Name of the item identifier column in the newly created aggregated data.frame. Name must not occur in the current data.frame.

unexpected.pattern.as.na

Logical: TRUE, if non-valid patterns should be aggregated to NA.

printCases

Logical: Specifies whether exhaustive aggregation information should be printed on console.

printPattern

Logical: Print the unexpected patterns to console?

inputList

Optional: Input list to differentiate between variables (sub items) and items. If NULL, all variables in the data frame which share the same ID except for the last sign are considered to belong to the same item.

Value

A data.frame in the long format containing sum and aggregated values, and maintaining all additional columns from the original data.frame if its values do not vary between variables which belong to the same item. The sum variable is named "valueSum", the aggregated variable is names "valueAgg". The number of aggregated variables (i.e. the maximum possible sum score per item) is captured in the variable "valueMax".

Details

The function use a rather simple aggregation rule: all variables which share a common “stem” are considered to belong together. The “stem” is everything except the last sign. By convention, the last sign may be a letter in ascending order, for example "I1a", "I1b", "I1c". However, "I12", "I1_", "I1j" is also possible although less convenient. The item "I1" consists of three variables and is considered to be correct if all variables are correct. See examples for further details.

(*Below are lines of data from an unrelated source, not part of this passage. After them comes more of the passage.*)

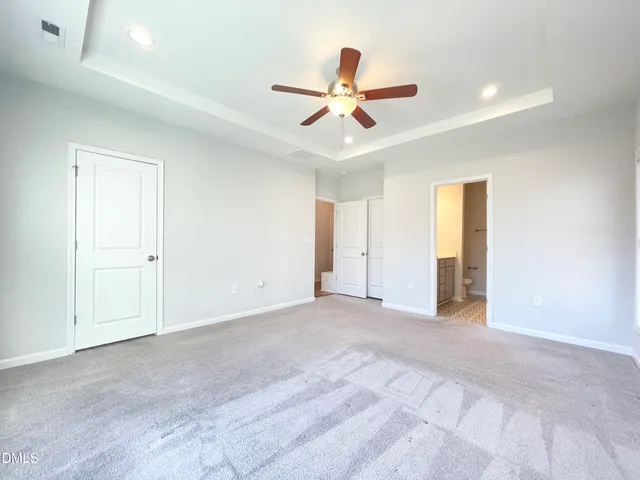 a view of an empty room and chandelier fan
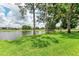 Landscaped backyard with pond view and lush greenery at 5519 Fair Oaks St # 2-D, Bradenton, FL 34203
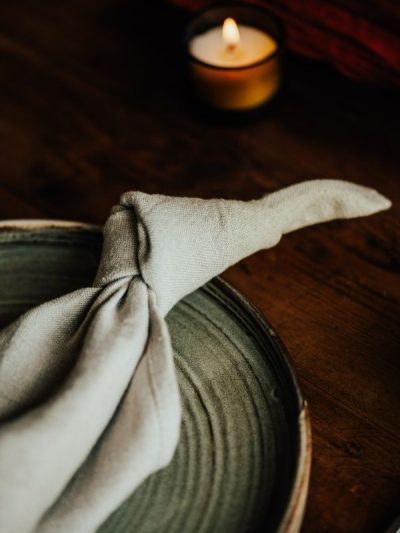 natural linen napkin knotted on a plate with a candle on the table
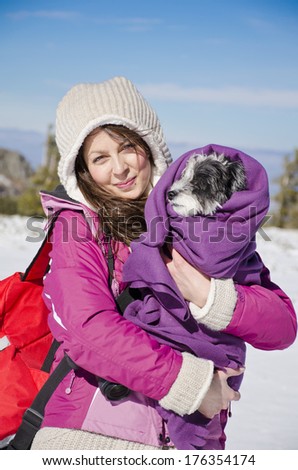 Portrait on beautiful girl in the winter forest hugging her little dog wrapped in a blanket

Note: if inputList is specified, aggregation rules are executed as specified in the ZKD input list.

Examples

### create artificial data
dat <- data.frame ( id = paste0("P", 11:50),
       matrix(data = sample(x=0:1, size = 400, replace = TRUE),nrow=40, ncol = 10))
### aggregate Item 0+1+2 and 4+5 and 8+9: define sequential letter
colnames(dat)[-1] <- c("I1a", "I1b", "I1c", "I2a", "I3a", "I3b", "I4a", "I5a", "I6a", "I6b")
### reshape data to the long format
datL<- reshape2::melt(dat, id.vars = "id")
agg <- aggregateDataOldL(datL,idCol="id", varCol="variable", valueCol="value")
#> Overall: 10 variables, 6 items. Aggregate 7 variables to 3 items.